Sylvie Dejardin
03 September 2024
L’Éventail – Pouvez-vous expliquer l’évolution et les conséquences des principaux enjeux agro-alimentaires dans le contexte mondial ?
Olivier De Schutter – Depuis les années 1960, les politiques agricoles mondiales ont été axées sur l’augmentation de la production pour répondre à la crainte de pénurie alimentaire et à la croissance démographique. Cela a entrainé une augmentation du nombre de machines agricoles, des systèmes d’irrigation à grande échelle, le développement de variétés de plantes à haut rendement, ainsi que l’usage massif de pesticides et d’engrais chimiques. Ces pratiques ont eu des conséquences environnementales majeures, notamment l’érosion de la biodiversité, la détérioration de la qualité des sols, due notamment aux monocultures, et la pollution des nappes phréatiques par les intrants chimiques.
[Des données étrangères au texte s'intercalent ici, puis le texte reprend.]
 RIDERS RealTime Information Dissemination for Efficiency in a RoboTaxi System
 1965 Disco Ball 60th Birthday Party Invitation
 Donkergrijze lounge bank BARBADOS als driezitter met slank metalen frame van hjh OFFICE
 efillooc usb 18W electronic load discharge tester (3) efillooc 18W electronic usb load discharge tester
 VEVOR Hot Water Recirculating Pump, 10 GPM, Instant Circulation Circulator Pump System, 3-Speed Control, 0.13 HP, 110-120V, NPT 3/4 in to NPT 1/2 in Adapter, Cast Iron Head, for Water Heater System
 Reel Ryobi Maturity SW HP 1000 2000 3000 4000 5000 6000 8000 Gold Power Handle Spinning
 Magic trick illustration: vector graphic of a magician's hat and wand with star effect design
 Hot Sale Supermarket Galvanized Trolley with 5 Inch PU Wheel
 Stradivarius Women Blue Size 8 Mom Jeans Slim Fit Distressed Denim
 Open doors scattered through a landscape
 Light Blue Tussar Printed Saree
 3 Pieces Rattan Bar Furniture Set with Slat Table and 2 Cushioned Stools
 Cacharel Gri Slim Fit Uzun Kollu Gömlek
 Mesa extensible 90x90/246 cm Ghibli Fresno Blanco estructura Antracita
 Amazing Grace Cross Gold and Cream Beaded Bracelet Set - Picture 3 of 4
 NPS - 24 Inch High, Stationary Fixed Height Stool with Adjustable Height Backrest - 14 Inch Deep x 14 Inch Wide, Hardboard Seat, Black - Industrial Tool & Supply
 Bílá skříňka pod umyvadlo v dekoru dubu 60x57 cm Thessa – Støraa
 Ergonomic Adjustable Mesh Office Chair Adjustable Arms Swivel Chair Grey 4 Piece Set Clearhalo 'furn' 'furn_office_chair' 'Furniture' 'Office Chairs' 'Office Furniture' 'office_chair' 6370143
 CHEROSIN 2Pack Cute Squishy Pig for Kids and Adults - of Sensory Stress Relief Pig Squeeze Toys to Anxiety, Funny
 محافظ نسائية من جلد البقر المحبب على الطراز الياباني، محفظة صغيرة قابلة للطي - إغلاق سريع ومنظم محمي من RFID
En termes de qualité alimentaire, cette approche a favorisé la production de calories au détriment de la diversité nutritionnelle, conduisant à une alimentation peu diversifiée et à des taux d’obésité élevés. Le système productiviste actuel pose également un problème de santé publique en raison de l’augmentation de la consommation d’aliments transformés et ultra-transformés, facilitée par les subventions agricoles et la disponibilité de l’énergie fossile à bas coût. Les processus de transformation, d’emballage et de transport sont très énergivores, contribuent ainsi à 30% des émissions mondiales de gaz à effet de serre.
Enfin, la perte des savoirs culinaires et la diminution du temps consacré à la cuisine ont modifié les normes sociales entourant l’alimentation. Aujourd’hui, la priorité n’est plus donnée à la préparation de repas frais, et les produits transformés dominent, ce qui reflète un changement technique et civilisationnel dans notre rapport à l’alimentation.
Olivier De Schutter © Tineke d’Haese
– Comment évaluez-vous la pérennité des systèmes agricoles actuels face aux défis écologiques tels que le changement climatique et la perte de biodiversité ?
– L’agriculture actuelle est à la fois coupable et victime des problèmes environnementaux. Elle est coupable d’entraîner la perte de biodiversité, l’érosion et la pollution des sols, et de contribuer aux émissions de gaz à effet de serre. Les sols, en mauvaise santé, ne peuvent plus agir comme puits de carbone. En même temps, l’agriculture est victime des changements climatiques (sécheresse, inondations), de la baisse de la pollinisation et de la fertilité naturelle des sols, ce qui la rend très fragile et peu résiliente. Ce cercle vicieux rend le système agricole insoutenable à long terme.
– Quels sont, selon vous, les principaux obstacles à la transition vers des systèmes agricoles plus durables ?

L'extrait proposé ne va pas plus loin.